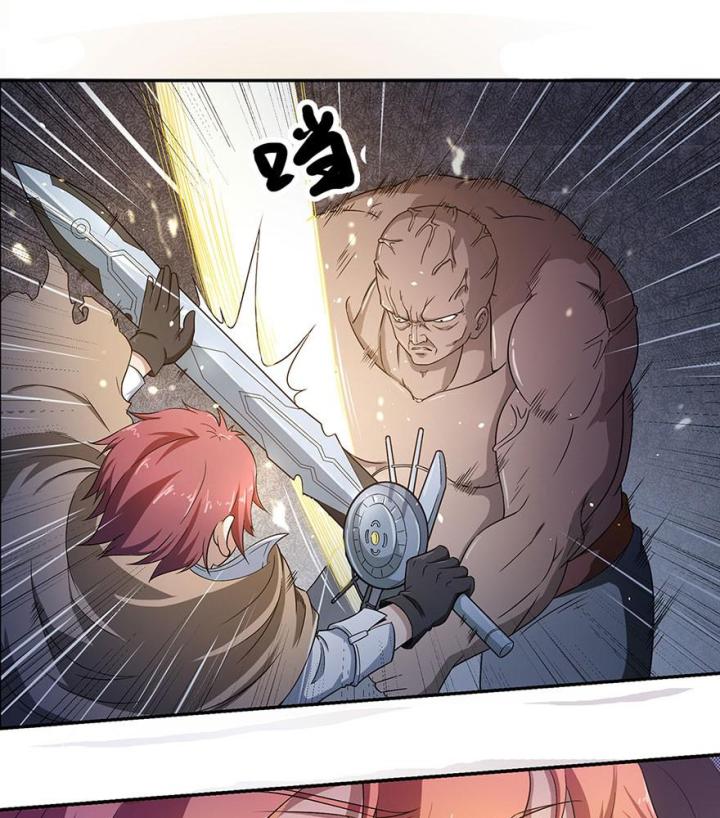 mạt thế thích khách chapter 1 22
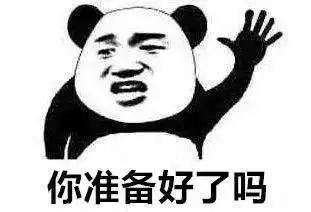 云牧消夏谁家清凉大礼包走丢了速来领走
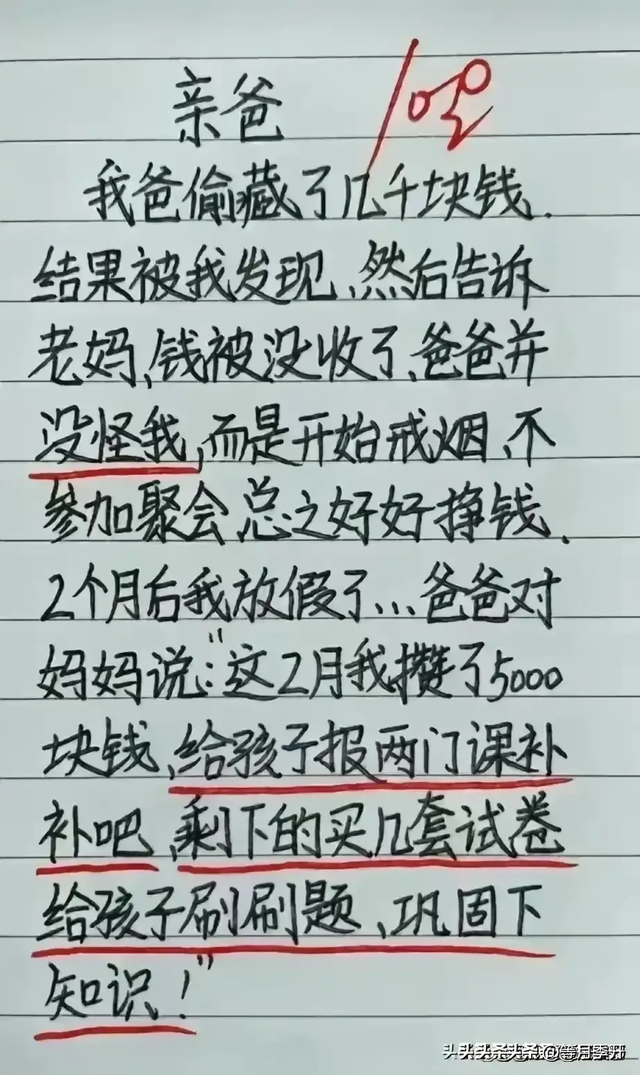 老王调戏美女的妙招，看到最后笑喷了，幽默又搞笑，精彩有趣。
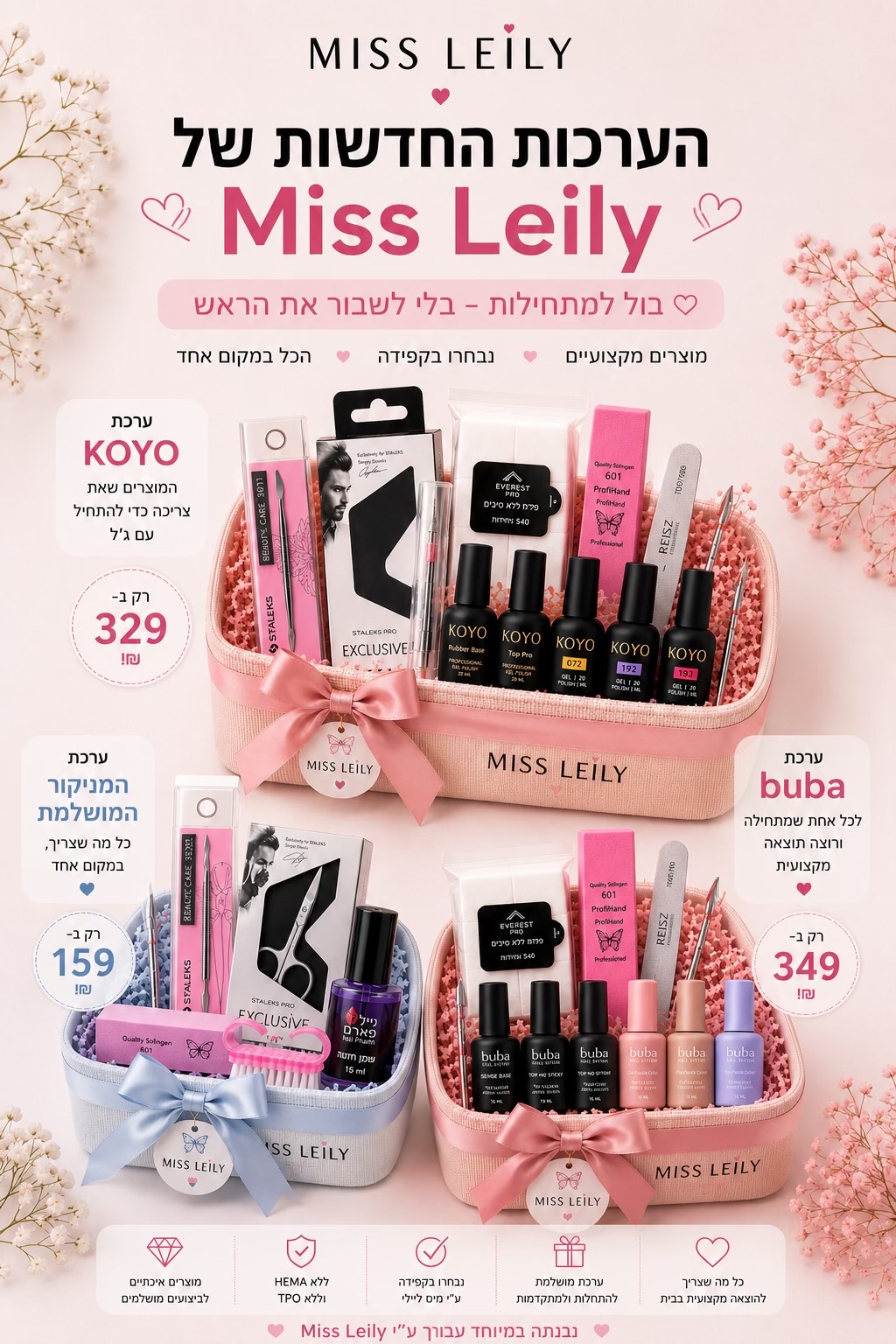 @Lital Sheli Cosmetics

**WHAT THIS TASK INVOLVES**
In the copy, no pictures are to appear; write out exactly the lines from the one containing "云牧消夏谁家清凉大礼包走丢了速来领走" through the end of the listing above and no further lines.

**RESPONSE AREA**
 云牧消夏谁家清凉大礼包走丢了速来领走
 老王调戏美女的妙招，看到最后笑喷了，幽默又搞笑，精彩有趣。
 @Lital Sheli Cosmetics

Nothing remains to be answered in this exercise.